As discussed in the Introduction, RDDs are best suited for batch applications that apply the same operation to all elements of a dataset. In these cases, RDDs can ef- ficiently remember each transformation as one step in a lineage graph and can recover lost partitions without having to log large amounts of data. RDDs would be less suitable for applications that make asynchronous finegrained updates to shared state, such as a storage system for a web application or an incremental web crawler

I don't quite understand why the RDD can't effectively manage state. How does Spark Streaming overcome these limitations?

2
You may get indirect answer ( why flink is preferred for streaming over Spark) for this query in stackoverflow.com/questions/28082581/…. Have a look at articles & ppts quoted in that question. - Ravindra babu

2 Answers

5
votes

I don't quite understand why the RDD can't effectively manage state.

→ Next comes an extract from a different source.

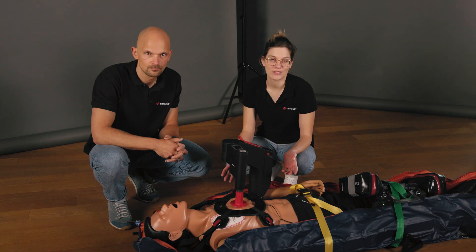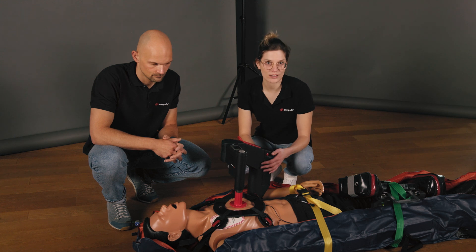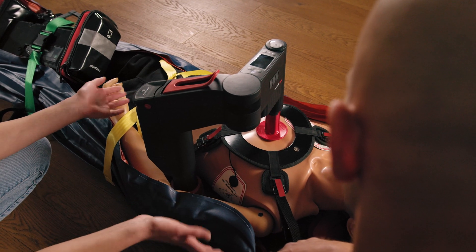It has not slipped a millimetre. Now we can see the variant with the rec board with an alternative arm position. As you can see, this is also possible with the vacuum mattress.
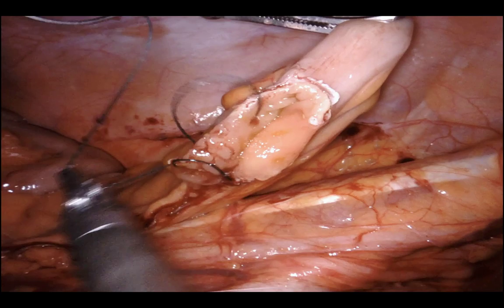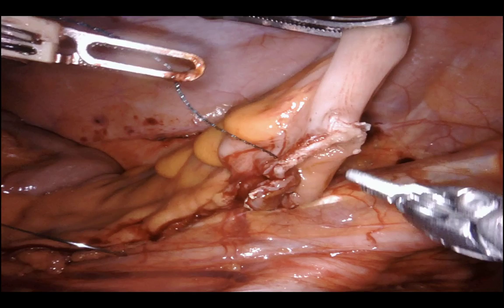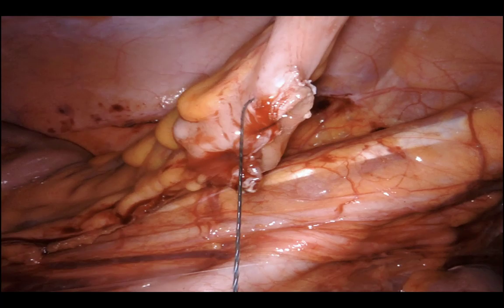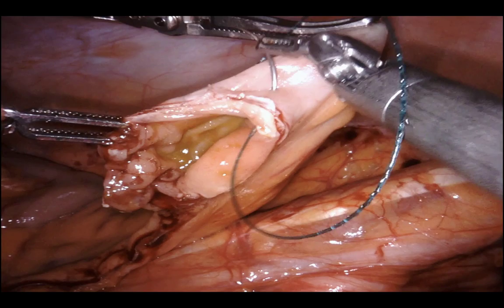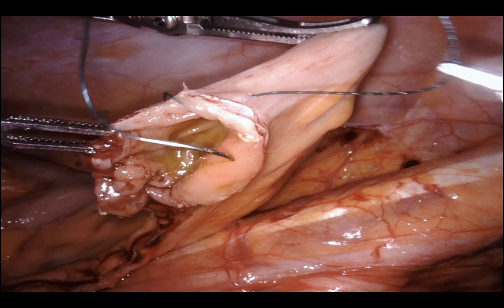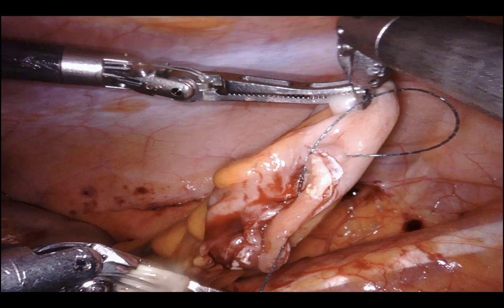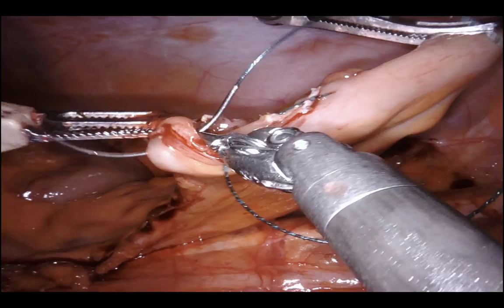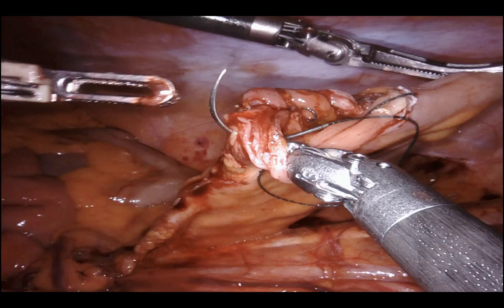I do this in about one-centimeter increments, taking a five-millimeter bite each time. I know the measurements because my left-hand bipolar instrument is five millimeters jaw-to-jaw and two centimeters tip-to-tip open, so I split the difference — travel one centimeter, take a five-millimeter bite. I go clockwise from seven o'clock back to seven o'clock.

It is not really about being able on not but more about the cost. We have well established mechanisms of handling finegrained changes with Write-ahead logging but managing logs is just expensive. These have to written to persistent storage, periodically merged and require expensive replaying in case of failure.

Compared to that RDDs are extremely lightweight solution. It is just a small local data structure which has to remember only its lineage (ancestors and applied transformations).

It does it mean it is not possible to create at least partially stateful system on top of Spark. Take a look at the Caffe-on-Spark architecture.

How does Spark Streaming overcome these limitations?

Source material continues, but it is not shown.